Description of the task: From the entries below, reproduce exactly the lines from the one with "Malfini NANO STEEL GRAY softshell női kabát" through the one with "Ziaja Lifting Solution", both included, without images.

┏━━

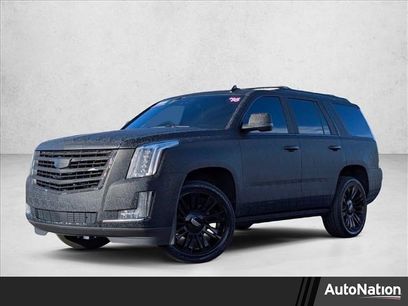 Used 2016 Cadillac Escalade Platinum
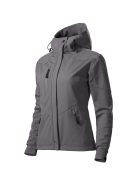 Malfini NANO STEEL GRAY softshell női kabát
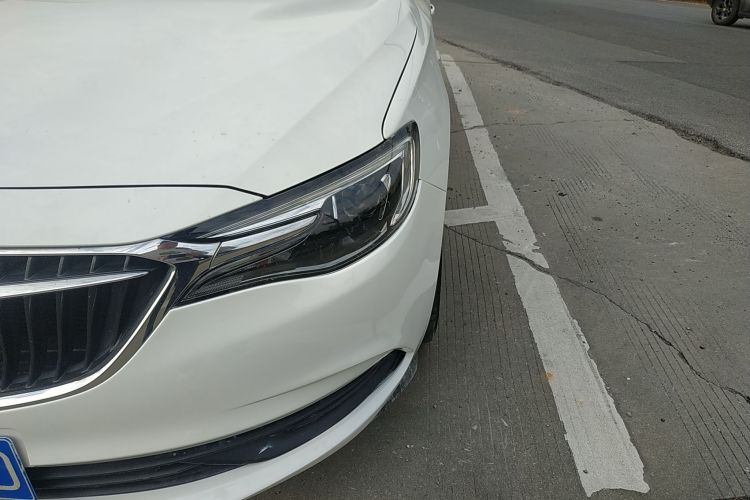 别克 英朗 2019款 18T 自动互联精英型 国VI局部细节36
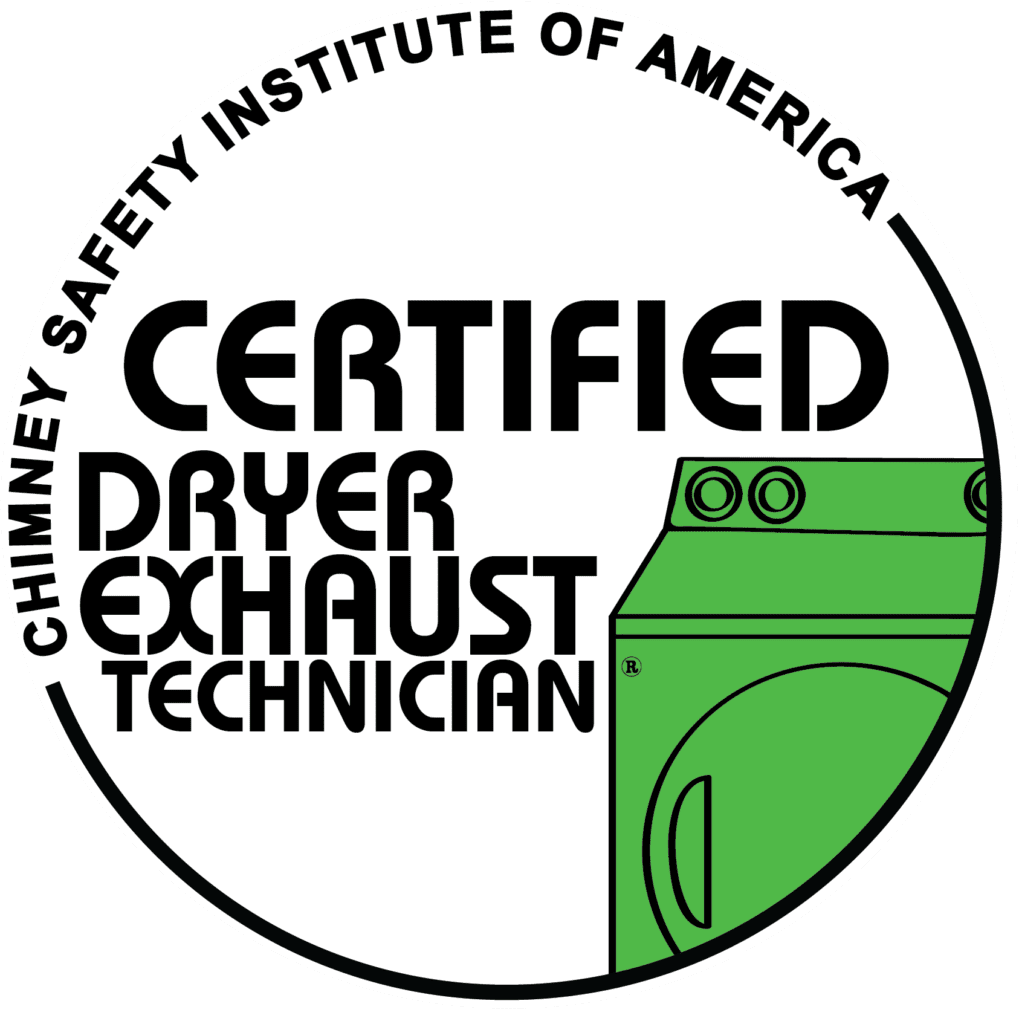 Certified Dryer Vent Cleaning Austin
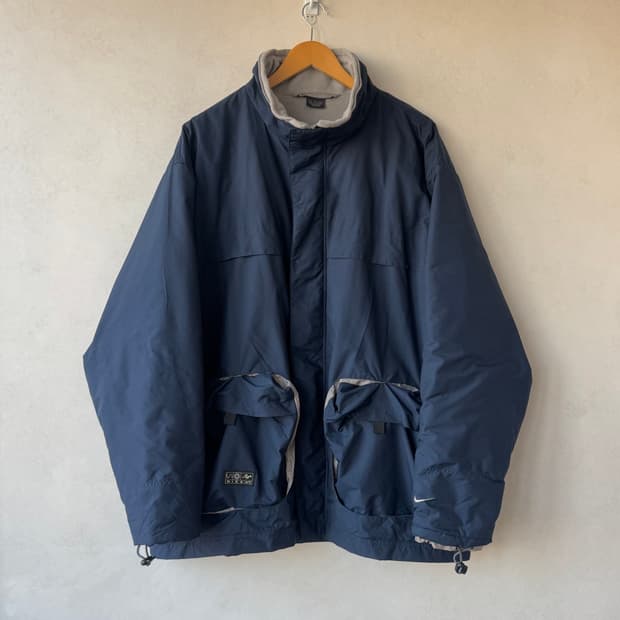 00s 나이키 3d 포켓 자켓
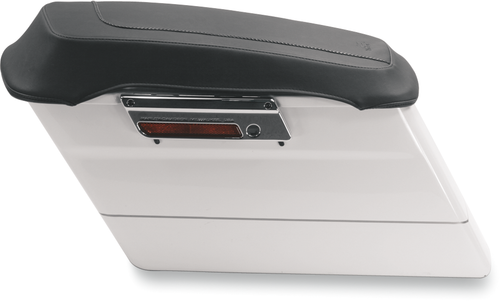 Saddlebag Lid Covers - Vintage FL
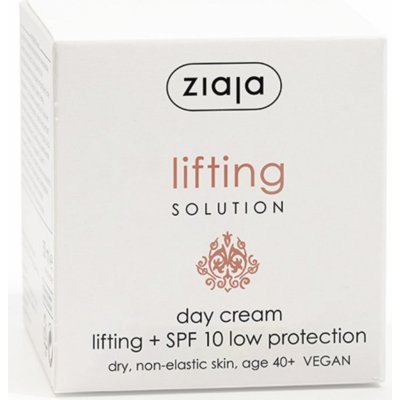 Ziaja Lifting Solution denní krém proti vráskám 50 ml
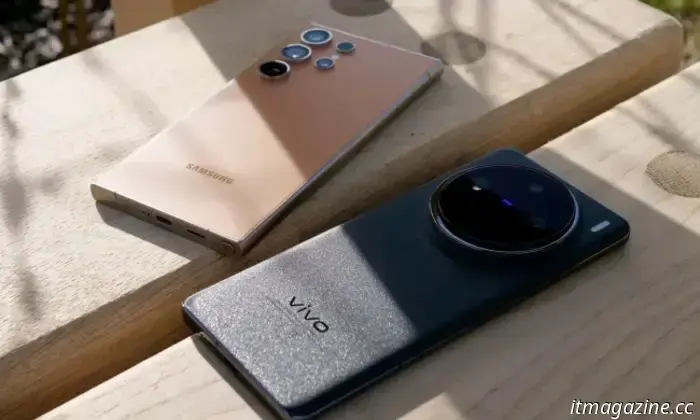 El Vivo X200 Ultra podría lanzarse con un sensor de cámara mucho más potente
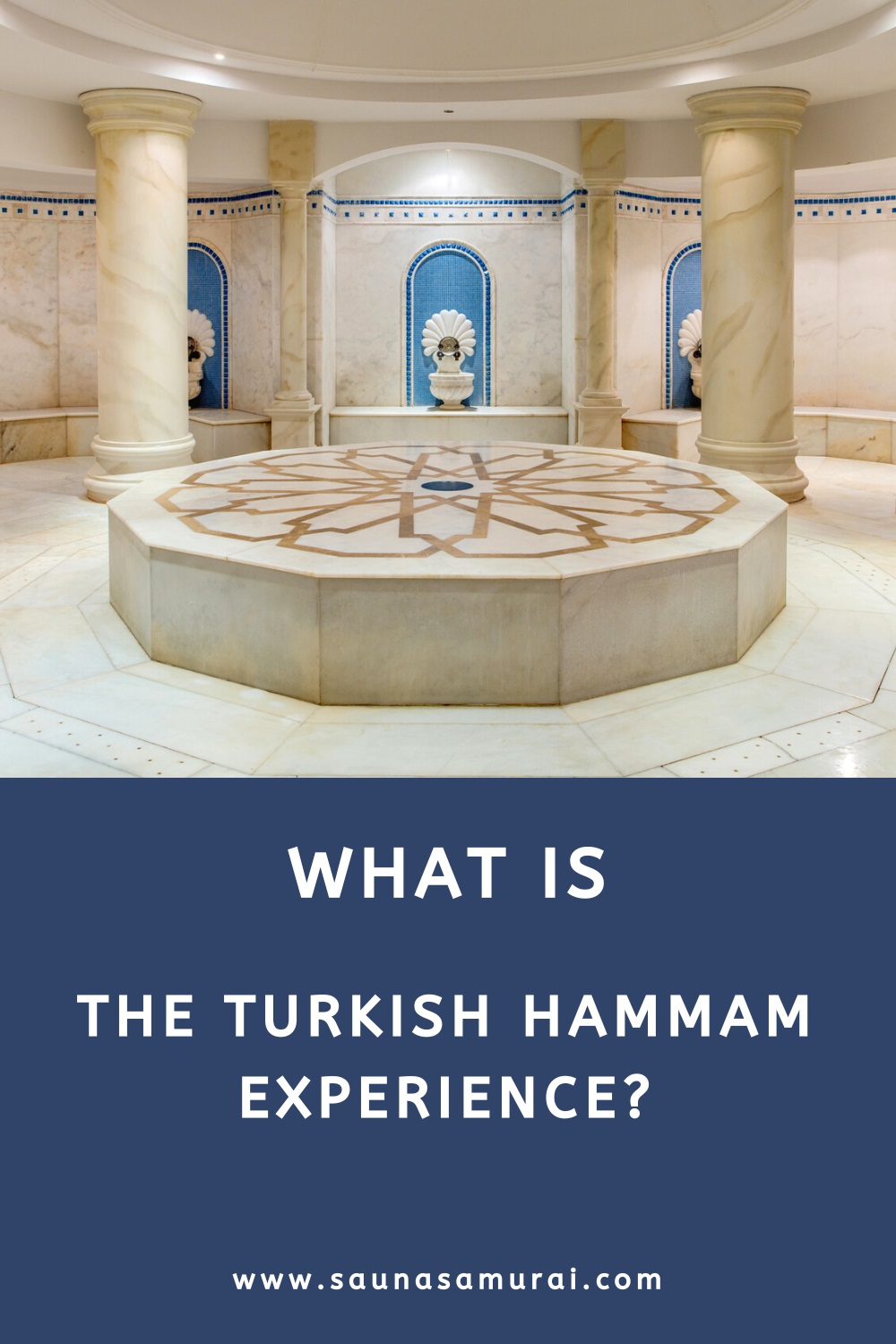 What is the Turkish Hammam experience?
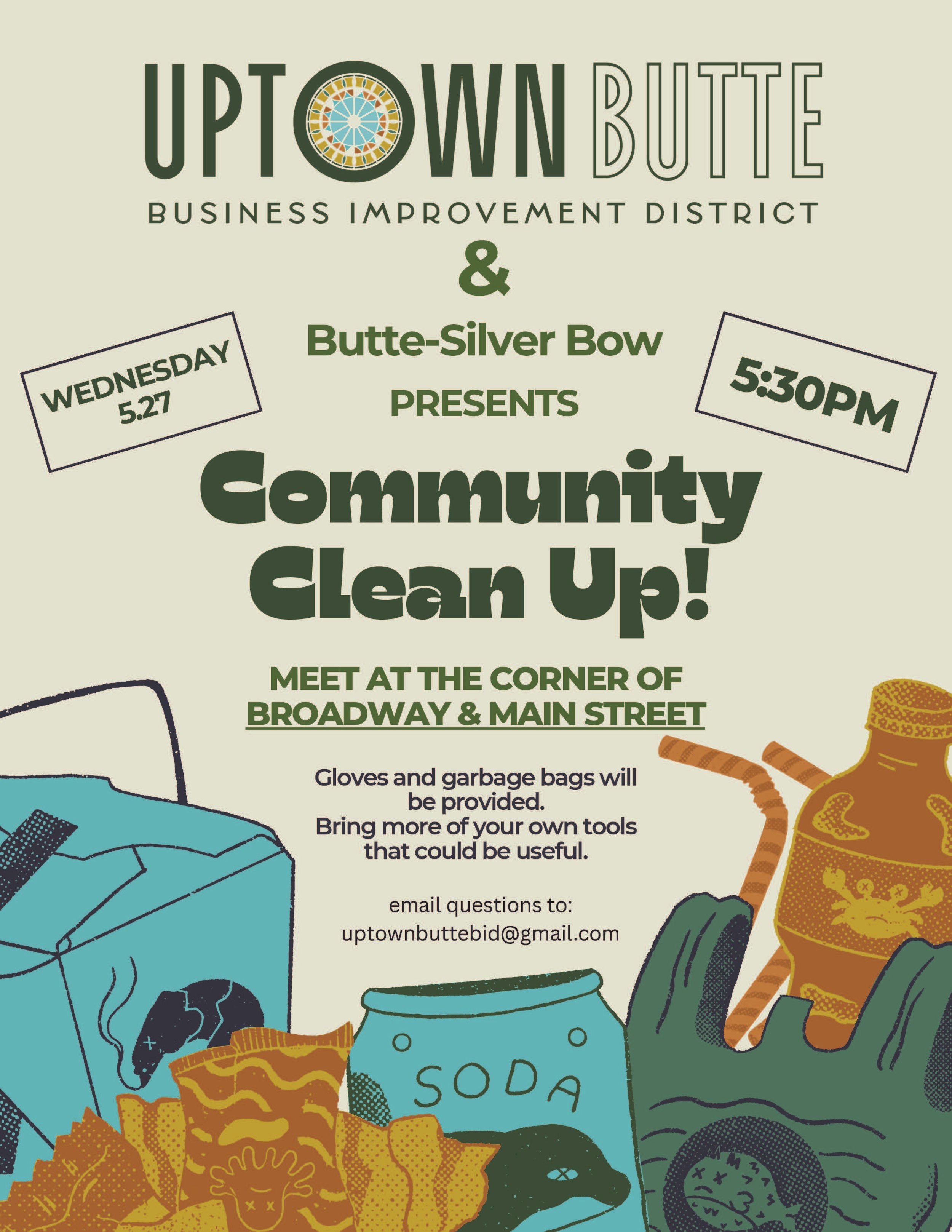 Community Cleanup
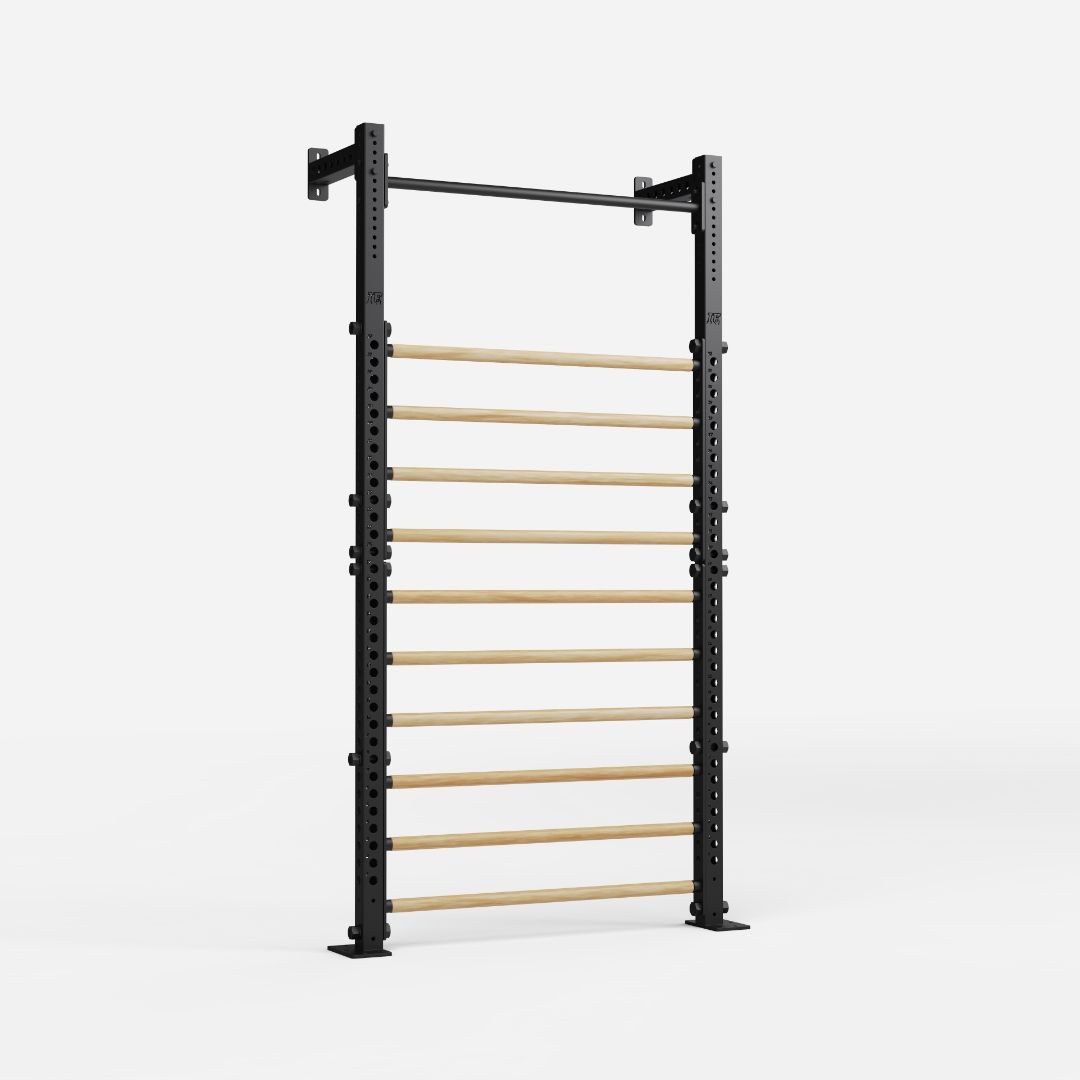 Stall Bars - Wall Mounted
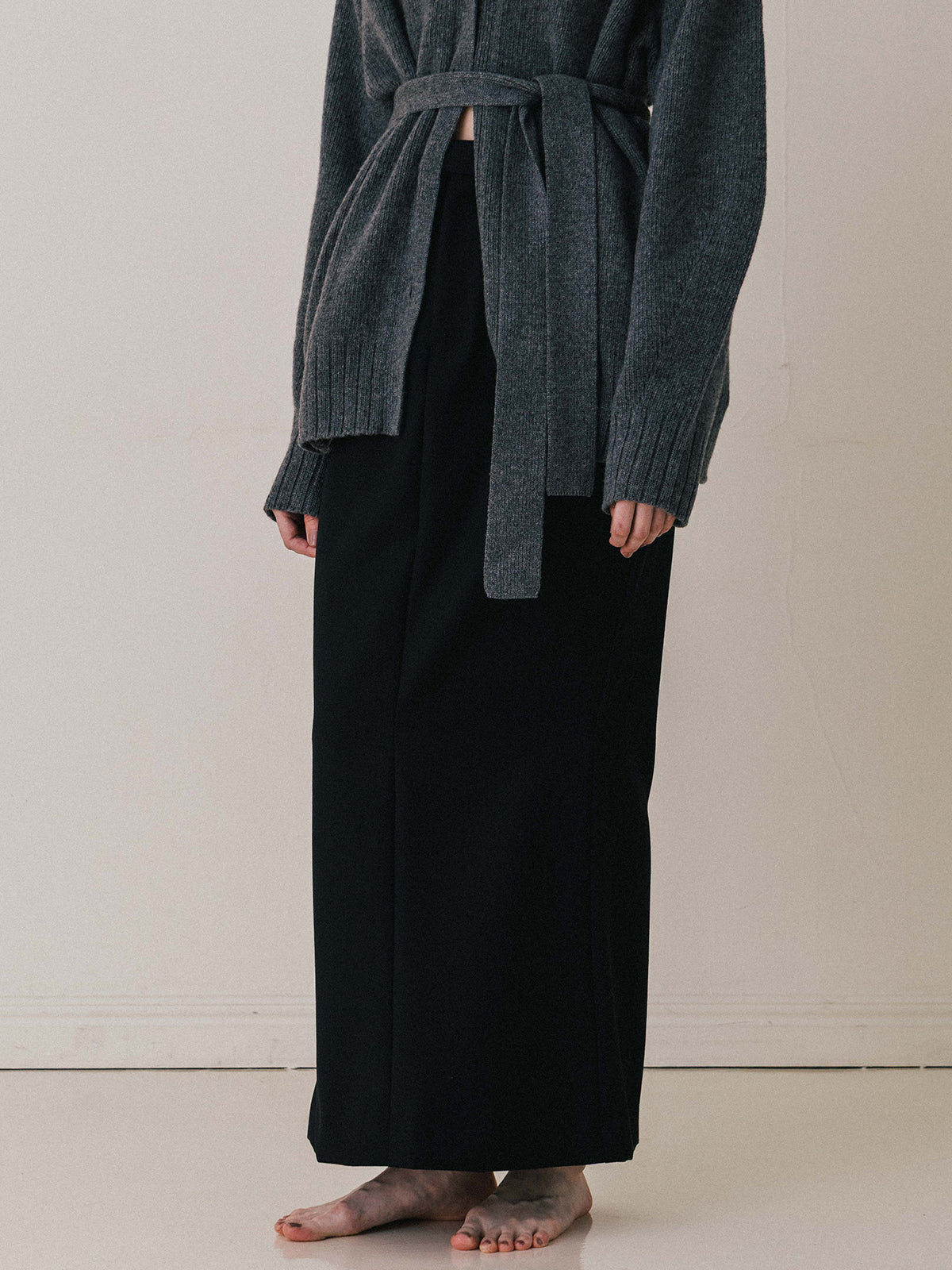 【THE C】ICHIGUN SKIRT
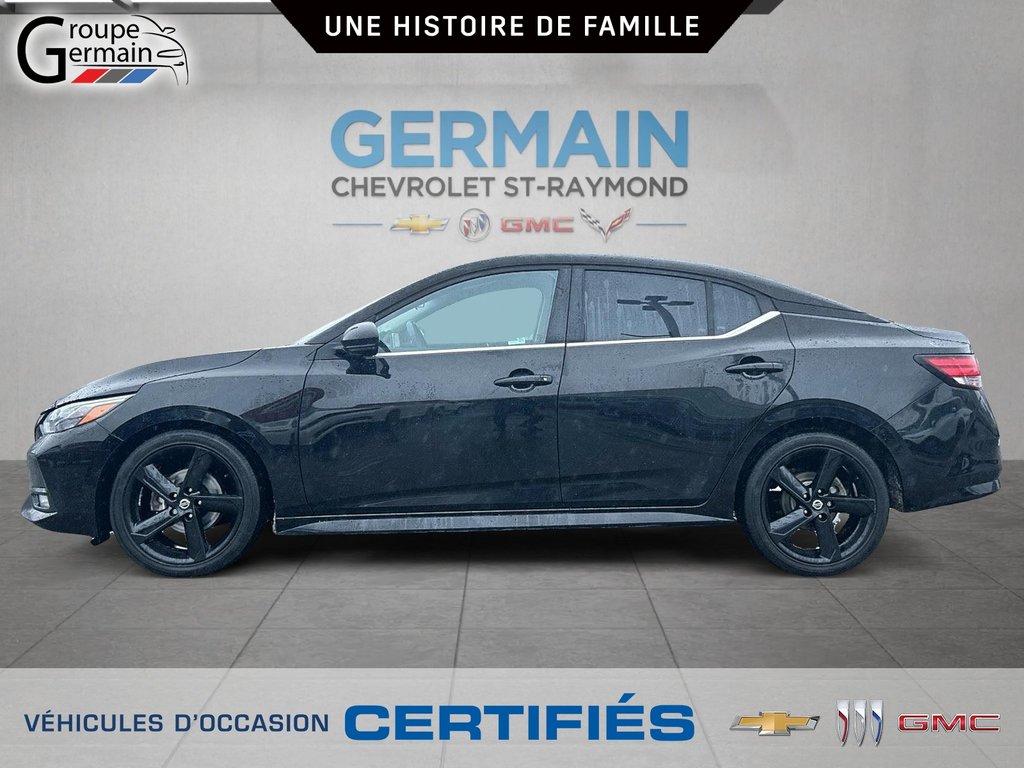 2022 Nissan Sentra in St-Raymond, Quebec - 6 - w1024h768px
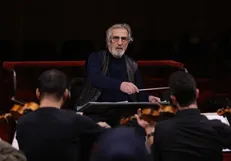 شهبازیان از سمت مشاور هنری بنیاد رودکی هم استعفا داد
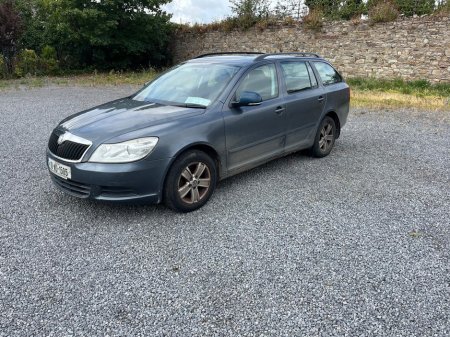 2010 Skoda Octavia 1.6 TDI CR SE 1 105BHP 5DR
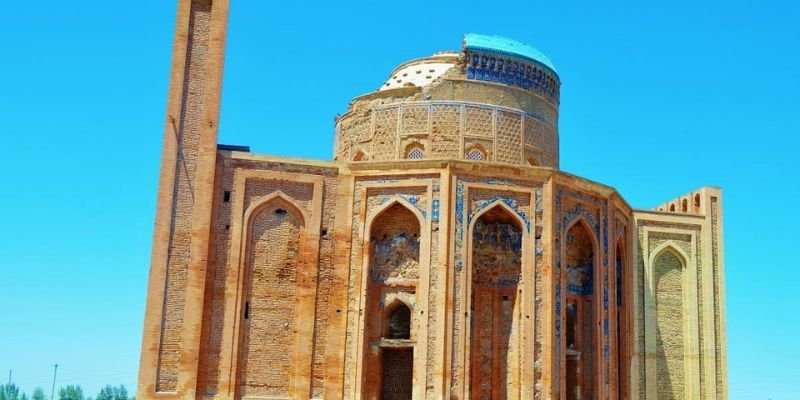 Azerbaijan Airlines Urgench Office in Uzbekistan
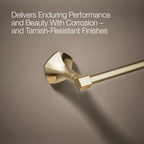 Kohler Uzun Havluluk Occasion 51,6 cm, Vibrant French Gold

┗━━

Written response:
 Malfini NANO STEEL GRAY softshell női kabát
 别克 英朗 2019款 18T 自动互联精英型 国VI局部细节36
 Certified Dryer Vent Cleaning Austin
 00s 나이키 3d 포켓 자켓
 Saddlebag Lid Covers - Vintage FL
 Ziaja Lifting Solution denní krém proti vráskám 50 ml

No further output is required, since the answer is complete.